A group of about 65 students from 17 different schools throughout the Forsyth County school system took a special field trip Friday.
The children, who ranged in grade from elementary to high school, took part in Give Kids a Smile Day.
The national event invites dental professionals to provide free services to children whose families don’t have insurance or for other reasons can’t afford to provide proper dental care.
Six dental practices volunteered their services for this year’s local event, which is organized in conjunction with United Way of Forsyth County.
They included: Advanced Dental Associates; Forsyth Dental Partners; Cumming Dental Care; Dentistry for Children; O’Rourke Family Dentistry; and Leslie Hehir.
Melissa Durand, a dentist with Forsyth Dental Partners, said participating is always a positive experience.
“We love doing it because it’s a way to give back to the community,” she said. “We get to help people who cannot come to the dentist any other time.”
Robert Joiner, a dentist at Advanced Dental Associates, agreed the event is always meaningful.
“We have a lot of kids, a lot of needs out there,” he said. “But they’ve all been great … they’re real appreciative and their parents are all real appreciative.”
The kids receive a range of services from the dental offices, including cleanings and X-rays, fluoride treatments, cavity fillings and sealants on permanent teeth to prevent future decay.
Deborah Porres, another Advanced Dental Associates dentist, said she has noticed a shift in the types of care the students need over the past nine years she’s been with the office.
“I’m seeing more of change because in the beginning it was more putting out fires and now it’s a lot more prevention,” she said. “We realize instead of trying to play catch-up, we should teach prevention so the same things don’t happen to the permanent teeth … we’re stressing how to brush, to floss, those things.”
Connie Trent, who heads up all school nurses in the county and helps organize the event, said those efforts seem to be paying off as fewer students needed help this year.
“The last two years we’ve taken about 100 kids, so it is a little lower this year,” she said. “We’re finding more children to have Peach Care and Medicaid.
“Also I think we’re finally starting to catch up because we’re doing [Give Kids a Smile Day] every year … kids are getting some needs met so they don’t have to go back as often.”
Durand said she and her staff try to make the day fun for the students.

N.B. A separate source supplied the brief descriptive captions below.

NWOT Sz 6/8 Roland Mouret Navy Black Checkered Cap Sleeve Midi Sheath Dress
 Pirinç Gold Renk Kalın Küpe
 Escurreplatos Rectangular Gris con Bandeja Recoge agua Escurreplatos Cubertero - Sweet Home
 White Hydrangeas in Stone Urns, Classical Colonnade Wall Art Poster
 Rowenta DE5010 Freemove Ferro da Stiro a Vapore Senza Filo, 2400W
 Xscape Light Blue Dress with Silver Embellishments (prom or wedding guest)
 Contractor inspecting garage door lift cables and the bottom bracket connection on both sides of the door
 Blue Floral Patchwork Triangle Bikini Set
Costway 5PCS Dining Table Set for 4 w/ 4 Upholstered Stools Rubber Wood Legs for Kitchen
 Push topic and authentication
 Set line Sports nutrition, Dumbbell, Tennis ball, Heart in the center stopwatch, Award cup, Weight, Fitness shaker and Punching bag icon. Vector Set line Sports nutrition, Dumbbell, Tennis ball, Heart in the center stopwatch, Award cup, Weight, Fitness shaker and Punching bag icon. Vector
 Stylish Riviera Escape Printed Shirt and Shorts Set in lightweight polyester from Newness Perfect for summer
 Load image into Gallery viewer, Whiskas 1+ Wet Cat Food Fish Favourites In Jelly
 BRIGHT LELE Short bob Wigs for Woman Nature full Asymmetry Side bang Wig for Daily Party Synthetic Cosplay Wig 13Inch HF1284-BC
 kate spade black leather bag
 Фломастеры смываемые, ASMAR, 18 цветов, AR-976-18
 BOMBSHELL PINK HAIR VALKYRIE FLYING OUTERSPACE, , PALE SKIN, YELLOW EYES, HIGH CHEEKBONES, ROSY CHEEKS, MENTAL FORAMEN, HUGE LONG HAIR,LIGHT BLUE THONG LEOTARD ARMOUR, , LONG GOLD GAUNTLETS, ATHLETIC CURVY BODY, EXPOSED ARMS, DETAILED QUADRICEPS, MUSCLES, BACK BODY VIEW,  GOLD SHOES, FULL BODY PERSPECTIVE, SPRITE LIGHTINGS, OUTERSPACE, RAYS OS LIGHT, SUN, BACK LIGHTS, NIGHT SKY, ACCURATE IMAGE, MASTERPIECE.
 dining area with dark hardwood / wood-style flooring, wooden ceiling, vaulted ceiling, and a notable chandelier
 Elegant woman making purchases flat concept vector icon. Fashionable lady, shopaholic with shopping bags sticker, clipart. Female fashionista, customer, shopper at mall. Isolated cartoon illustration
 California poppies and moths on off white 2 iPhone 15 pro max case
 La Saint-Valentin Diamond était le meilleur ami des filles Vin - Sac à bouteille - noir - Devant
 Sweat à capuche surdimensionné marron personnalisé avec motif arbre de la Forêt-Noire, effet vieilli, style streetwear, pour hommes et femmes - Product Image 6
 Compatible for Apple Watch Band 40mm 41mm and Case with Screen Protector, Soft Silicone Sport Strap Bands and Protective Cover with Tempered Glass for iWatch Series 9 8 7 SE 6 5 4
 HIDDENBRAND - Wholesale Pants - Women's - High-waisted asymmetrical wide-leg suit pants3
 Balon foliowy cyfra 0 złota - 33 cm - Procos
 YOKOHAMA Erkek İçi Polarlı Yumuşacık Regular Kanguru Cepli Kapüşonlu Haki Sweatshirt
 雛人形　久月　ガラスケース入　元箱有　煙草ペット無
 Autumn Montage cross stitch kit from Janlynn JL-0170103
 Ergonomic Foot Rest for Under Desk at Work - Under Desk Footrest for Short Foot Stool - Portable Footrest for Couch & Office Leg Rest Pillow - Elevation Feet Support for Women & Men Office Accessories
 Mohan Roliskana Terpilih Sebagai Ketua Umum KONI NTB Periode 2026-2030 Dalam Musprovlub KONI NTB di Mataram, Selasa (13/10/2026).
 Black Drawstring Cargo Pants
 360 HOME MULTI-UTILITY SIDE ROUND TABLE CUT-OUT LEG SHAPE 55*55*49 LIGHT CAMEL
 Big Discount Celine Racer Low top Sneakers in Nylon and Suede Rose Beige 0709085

“We tell them things like, ‘We’re going to tickle the cavity bugs out of this tooth. They don’t like to be tickled so they jump out and Mr. Thirsty drinks them all up,’” she said.
Students at every office also get to take home a “goodie bag” with toothbrushes, toothpaste and floss.
The day is truly special for most of the students, Trent said.
“There was one student [from a high school] who had never been to a dentist before and a couple of others had only been twice and they were in high school,” she said. “And one little boy said, ‘I’ve never had floss of my own before.’ He was so excited to get that.”
According to Trent, planning the event can be a lot of work, but the results are worth it.
“To be healthy, your mouth needs to be healthy too so you can get proper nutrition and rest,” she said. “Because if your tooth hurts, you know, you’re not sleeping well either.
“So it’s important just for their overall well-being, plus the social part of it too. They want their teeth to look nice and give them confidence.”